Woman's cancer a factor in complex custody case
Some are outraged over North Carolina judge's decision to send children to father in Arlington Heights
June 04, 2011|By Julie Deardorff, Tribune reporter
Alaina Giordano looks through a picture book with her son, Bud, and daughter, Sofia, in the recreation center of their apartment building in Durham, N.C., in May 2011. (Sara D. Davis/For the Chicago Tribune)
Parents diagnosed with cancer commonly fear dying before their children have grown. But an unusual child custody battle in North Carolina has raised another troubling concern: Can the illness be used against the sick parent?
The ongoing case, which has stirred up an emotional debate over cancer discrimination, involves Alaina Giordano, 37, a mother with breast cancer who recently lost primary custody of her 11-year-old daughter and 6-year-old son to her estranged husband.
Though the children now live with Giordano in Durham, the judge's ruling means they must move to the Chicago area on June 17 to live with their father in Arlington Heights. Among the factors cited in the lengthy decision, which Giordano has appealed, were concerns over her health and the uncertainty over how long she will live. Her stage 4 breast cancer has spread throughout her body, but people can live for years with the advanced disease.

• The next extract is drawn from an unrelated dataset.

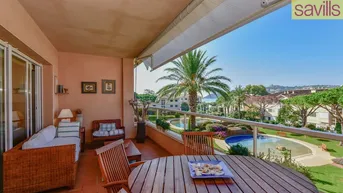 Expose Ausgezeichnete 4-Zimmer-Wohnung mit 14m² Terrasse zu verkaufen in S'Agaró, Costa Brava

To be sure, Giordano's cancer is just one factor in a complicated and messy custody case with a high degree of conflict. Both parties were said to have "anger management issues," they both spent a night in jail after a fight, and they both filed for domestic violence protective orders. There's also evidence that Giordano was unwilling to cooperate with her husband, a common reason for adjusting custody arrangements.

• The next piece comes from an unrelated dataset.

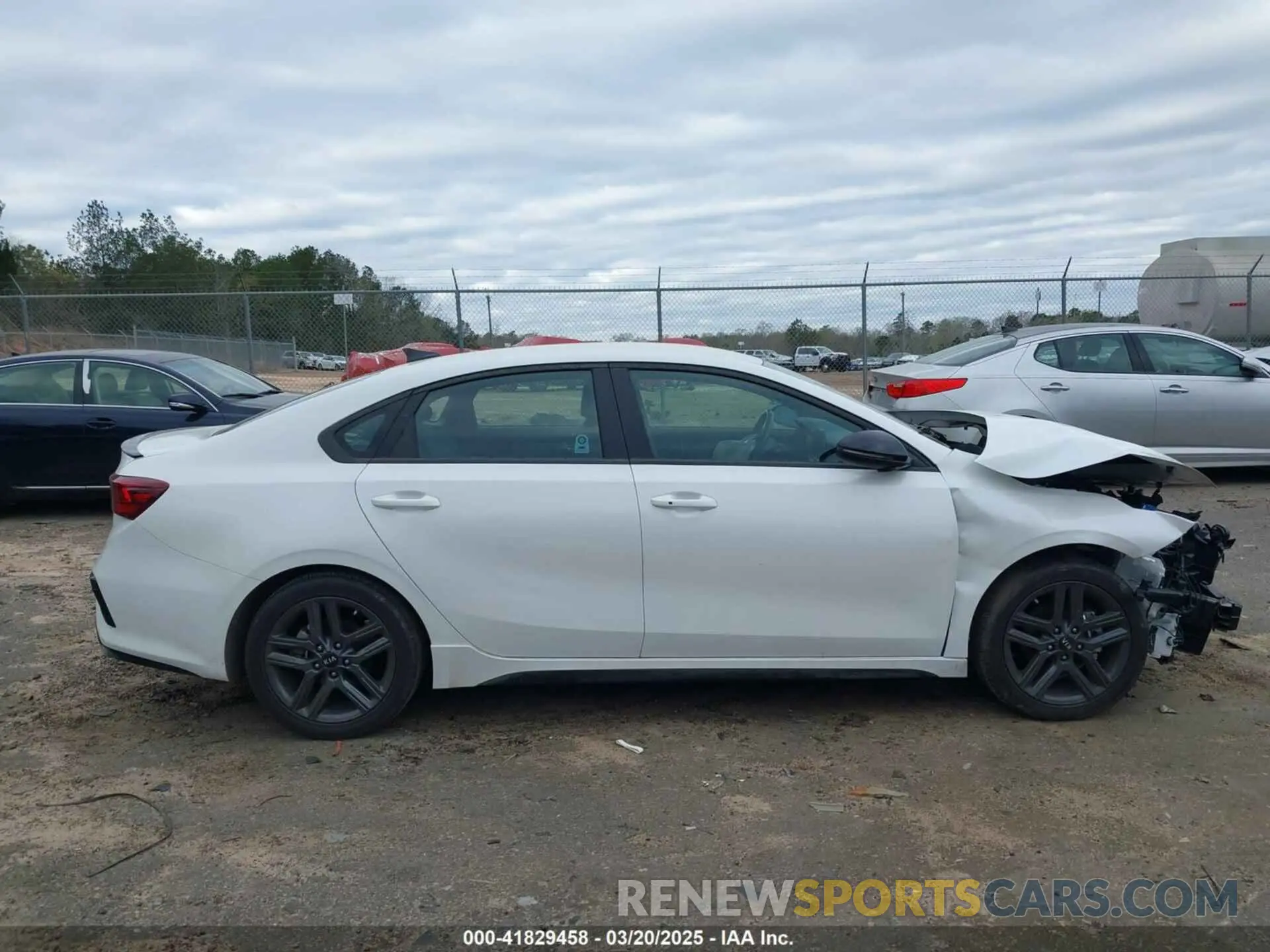 13 Photograph of a damaged car 3KPF34AD0ME354821 KIA FORTE 2021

But the prominent role that Giordano's terminal illness played in the ruling and the judge's assertion that "the more contact (the children) have with the non-ill parent, the better they do," has rallied angry supporters to Giordano's side, spooked cancer patients and survivors, and raised questions about how a parent's illness might impact the well-being of the child.

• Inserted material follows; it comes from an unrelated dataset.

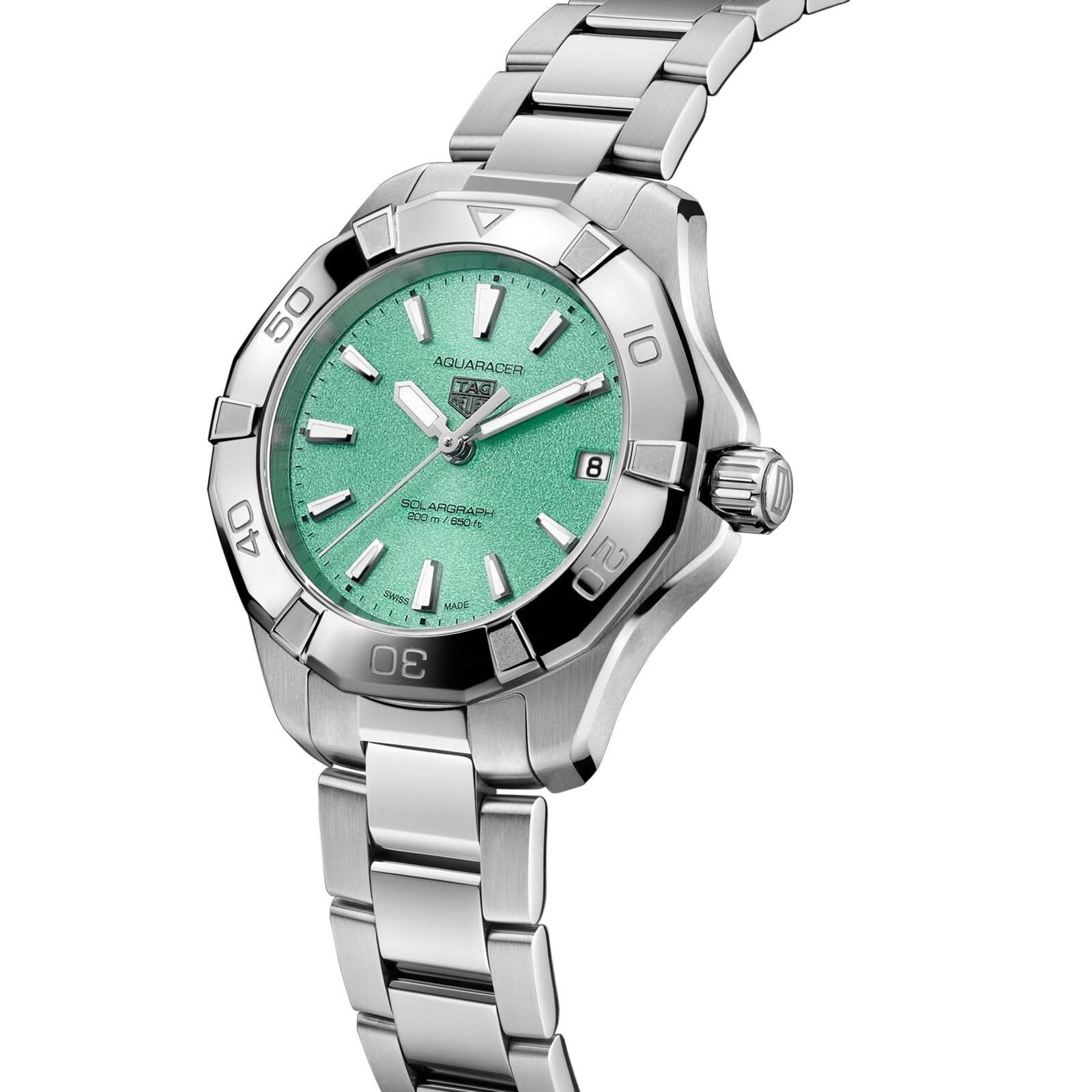 TAG HEUER AQUARACER PROFESSIONAL 200 SOLARGRAPH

In the weeks since some of the facts about Giordano's case hit the airwaves and the Internet, oncology social workers have fielded calls from worried patients, wondering whether they too could lose their children. More than 103,000 people have signed an online petition titled "Do not allow NC Judge to take Alaina Giordano's children just because she has cancer." A hot debate on the case broke out on the American Bar Association's website.
"It touched a nerve," said breast cancer survivor Emily Cousins, 41, who has two young children and writes for the Stupid Cancer Blog, a support group for young survivors. "People in our community had a strong reaction (to the case) and used social media to spread the word because we can all imagine, 'What if a judge used our diagnosis against us?'"
Though state custody cases are fact specific and unlikely to set a precedent, some legal experts found the focus on cancer unsettling.
"It's a slippery slope," said attorney Monica Fawzy Bryant, Midwest regional director for the Cancer Legal Resource Center. "If we start applying to cancer, where does it stop? If someone has diabetes, is that grounds to lose custody?"
For some survivors, the most appalling part of the decision was the implication that Giordano's cancer may burden the children. Citing expert testimony from North Carolina child development expert Dr. Charlotte Brantley, the judge ruled that children "divide their world into the cancer world and a free of cancer world. Children want a normal childhood and it is not normal with an ill parent. … The longer the illness goes on the more maladjustment children have. It is difficult for children to watch their parents deteriorate."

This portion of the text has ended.